The meth testing debacle is one of the biggest government failures in recent times.
The Office of the Prime Minister’s Chief Science Advisor’s report and the surrounding discussion, much of it predating the report by two years, has shone light on the primary cause: a lack of evidence in policy making.
At Housing New Zealand officials were not only uninterested in evidence (telling one journalist ‘no such advice [about the social impact of evicting people] was considered’), but actively shunned it (dismissing advice from “so-called experts”).
The problem is common in the public sector.
Last year we saw the fatality rate on roads increase about 10% over 2016, and 40% higher than 2013. Officials couldn’t say why and had ignored warnings by others years earlier.
The lack of evidence carried over to 2018 and into the debate about regional fuel taxes.
Regional fuel taxes have many costs and risks, are highly disputed, and burden the poor much more than the rich. To be properly informed, you’d expect detailed analysis and extensive consultation by Auckland Council.
The consultation document was four pages long.
A debate at Council about including a handful more words to the consultation document saw the Mayor Phil Goff worry about adding more detail.
The final debate where Council approved their regional fuel tax wasn’t much better. Sure, as Simon Wilson wrote in the Herald, there were some good speeches. Lyrically at least. But you needed to, with a few exceptions (most notably Councillor Efeso Collins whose speech from 1:03:56 is a must listen), look past the deficit of evidence.
Let’s fact check the text and speeches in Simon Wilson’s story, and from other parts of the debate.
CLAIM: “The regional fuel tax will add 11.5 cents to the price of every litre of fuel bought in Auckland.”

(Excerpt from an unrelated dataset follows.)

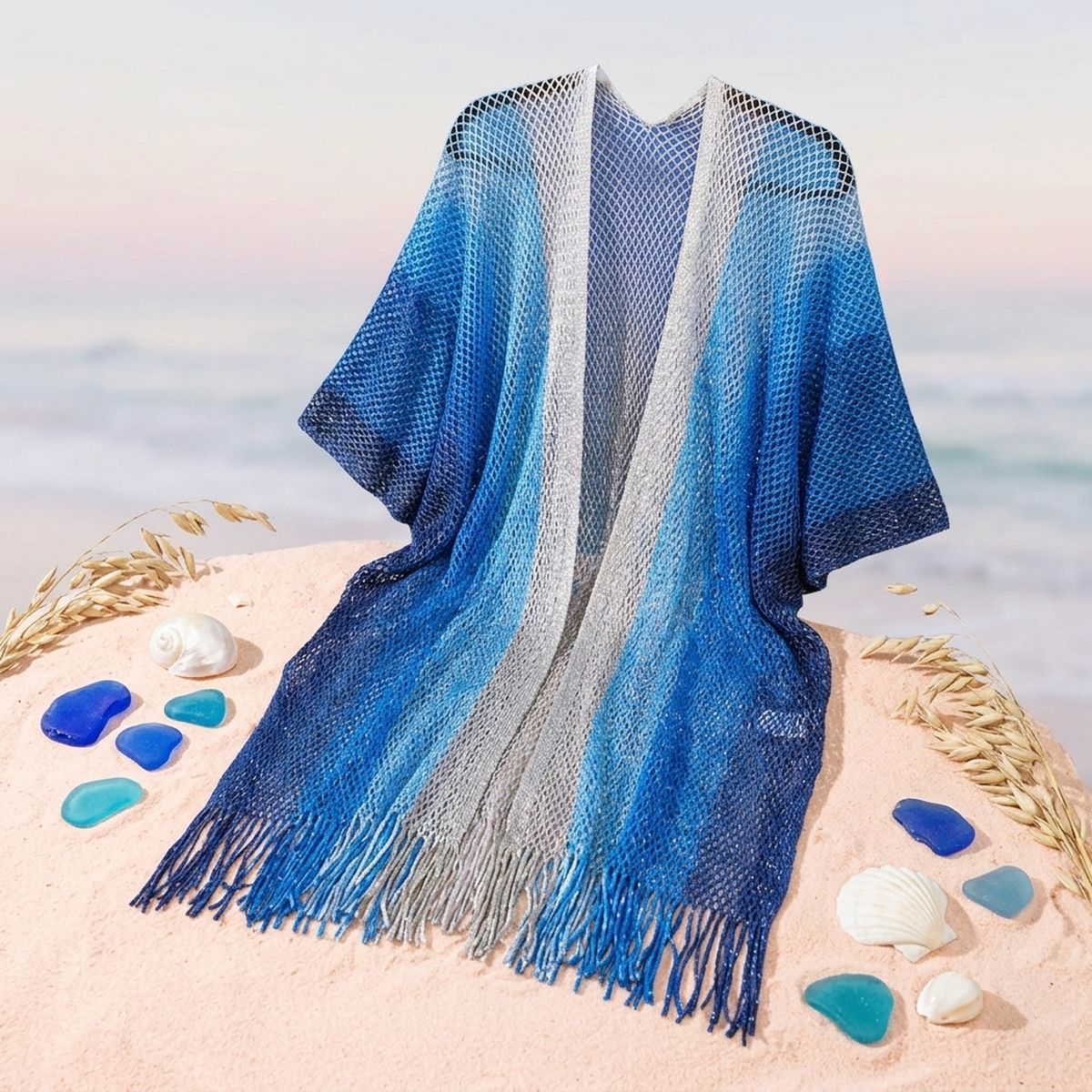 Kimono Lurex Stripe Blue Fringe for Women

The regional fuel tax is a replacement of property rates and will help fund Auckland’s share of the Auckland Transport Alignment Package.
If not for a regional fuel tax, property rates would increase, or debt would increase to be repaid from smaller rates increases over a longer time period and/or new revenue sources like congestion and road pricing.

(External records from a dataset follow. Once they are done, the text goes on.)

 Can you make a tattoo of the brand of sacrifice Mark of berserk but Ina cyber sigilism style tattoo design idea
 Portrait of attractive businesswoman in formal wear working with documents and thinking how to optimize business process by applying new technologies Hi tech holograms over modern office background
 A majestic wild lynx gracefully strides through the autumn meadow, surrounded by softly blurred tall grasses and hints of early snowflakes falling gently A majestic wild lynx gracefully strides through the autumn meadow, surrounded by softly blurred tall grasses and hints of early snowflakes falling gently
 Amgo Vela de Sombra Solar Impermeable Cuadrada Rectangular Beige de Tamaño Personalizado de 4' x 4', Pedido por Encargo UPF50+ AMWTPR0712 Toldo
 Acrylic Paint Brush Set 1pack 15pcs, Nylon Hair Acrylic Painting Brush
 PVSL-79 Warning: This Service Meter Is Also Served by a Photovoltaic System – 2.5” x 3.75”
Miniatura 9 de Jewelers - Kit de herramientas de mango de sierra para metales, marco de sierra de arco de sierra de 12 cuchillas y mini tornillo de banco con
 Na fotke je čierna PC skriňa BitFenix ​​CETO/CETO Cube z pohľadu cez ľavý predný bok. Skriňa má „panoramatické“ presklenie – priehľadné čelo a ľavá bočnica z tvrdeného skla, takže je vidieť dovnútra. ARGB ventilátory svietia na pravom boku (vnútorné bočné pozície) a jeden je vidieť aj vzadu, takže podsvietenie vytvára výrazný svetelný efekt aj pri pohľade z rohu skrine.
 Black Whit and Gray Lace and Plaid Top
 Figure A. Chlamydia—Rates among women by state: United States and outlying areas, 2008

Rates are paid by property owners in a region. There is no way for Aucklanders to avoid them.
With regional fuel taxes, however, companies might spread the cost of the Auckland tax from relatively more competitive Auckland to the relatively less competitive lower North Island or South Island.
The Ministry of Business, Innovation & Employment released a report that suggests spreading already occurs with other costs.
If spreading happens with the regional fuel tax, other regions will essentially be subsidising Auckland.
In any event, we should know soon. If Parliament passes the amendments to the Land Transport Management Act, the tax will come into force on 1 July. By mid-August, I expect to have something to say about how much of the tax is being paid by Aucklanders and how much by other parts of the country.
VERDICT: Probably false.
CLAIM: It would take a 13% to 14% rate increase to raise the same money as the regional fuel tax.
This one was Mayor Goff.
Auckland Council officers estimate the rate increase to be between 10% and 11%. This appears to me to overestimate the increase, but if we take it as given, where did the Mayor get 13% to 14% from?
What the Mayor might have done is include rates increases of 2.5% that will be happening anyway this year.
Nevertheless, 11% still sounds like a big number!
There’s another number that sounds bigger though: 17%. That’s how much fuel tax will go up from the regional fuel tax. At 34%, it’s even higher if we include the increase in the national fuel tax the Government is planning.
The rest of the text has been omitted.